TuSimple on Monday announced that its board of directors terminated Dr. Xiaodi Hou, the CEO, president and chief technology officer of the company, and removed him from his position as chairman. The move comes after the Wall Street Journal reported that the seven-year-old driverless trucking company was being probed by the FBI, Securities and Exchange Commission and Committee on Foreign Investment in the U.S. (CFIUS) over improper ties to a company with Chinese connections.
The autonomous logistics firm said Dr. Ersin Yumer, TuSimple’s executive vice president of operations, has agreed to serve as interim CEO and president during an executive search. Brad Buss, lead independent director, will be chairman of the board.
TuSimple, which has successfully completed driver-free proof-of-concept test runs, made the employment decision after the Audit Committee’s ongoing investigation indicated to the board that Hou could no longer continue to lead the company. The company went public last year in April and saw its share price plunge nearly 46 percent by late Monday on news of the CEO’s dismissal.
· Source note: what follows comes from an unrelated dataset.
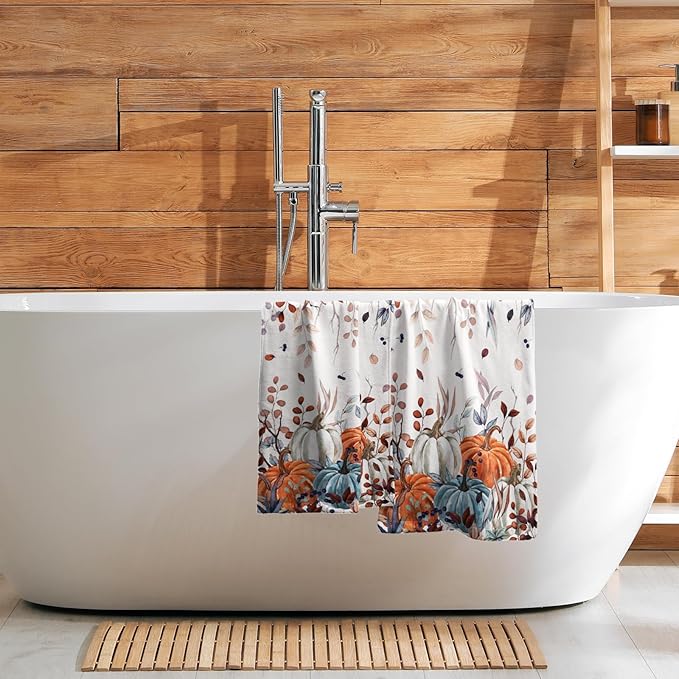 Giwawa Fall Hand Towel Set of 2, Autumn Leaf Orange Blue Pumpkins Decorative Towels, Colorful Harvest Thanksgiving Face Fingertip Towel Dish Wash Cloth for Bathroom Hotel Gym Home Spa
According to TuSimple’s SEC filing Monday, the company’s investigation found that “employees spent paid hours working on matters for Hydron Inc. (f/k/a Turing Auto),” which the company believes to have “significant operations” in China. TuSimple co-founder and former executive chairman Mo Chen, who founded Hydron and is a director and CEO, “has an equity interest in the Company of greater than 10%,” the filing went on to say.
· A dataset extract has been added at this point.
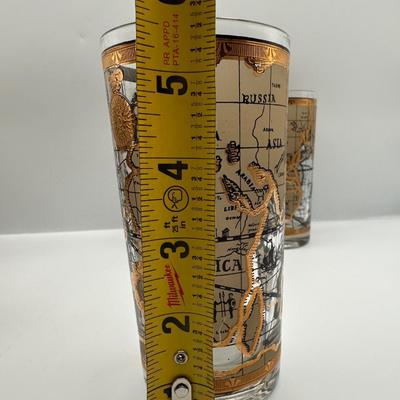 1960s Vintage Cera “World Map” Glasses - Set of 8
“This related party transaction was not presented to, or approved by, the Audit Committee as required by the Company’s Code of Conduct,” it said.
The conflict stems from TuSimple sharing “confidential information” with Canada-based Hydron, which operates in China, Hong Kong and Delaware, while it was considering the parts maker as an original equipment manufacturer, or OEM, candidate and without notifying its Audit Committee and Government Security Committee. What’s more, the sensitive information was shared prior to TuSimple and Hydron firming up customary non-disclosure agreements, the filing said, and the company has no way of knowing if its partner “shared, or publicly disclosed, the information before entering into that agreement.”
TuSimple “believes based on the Audit Committee’s ongoing investigation that the information shared is not related to the intangible assets or patents reflected on the Company’s balance sheet,” it aded. “At this time, the Company has not been able to determine the value, if any, of such information.”
Buss, meanwhile, credited Xiaodi for his “many contributions to TuSimple.”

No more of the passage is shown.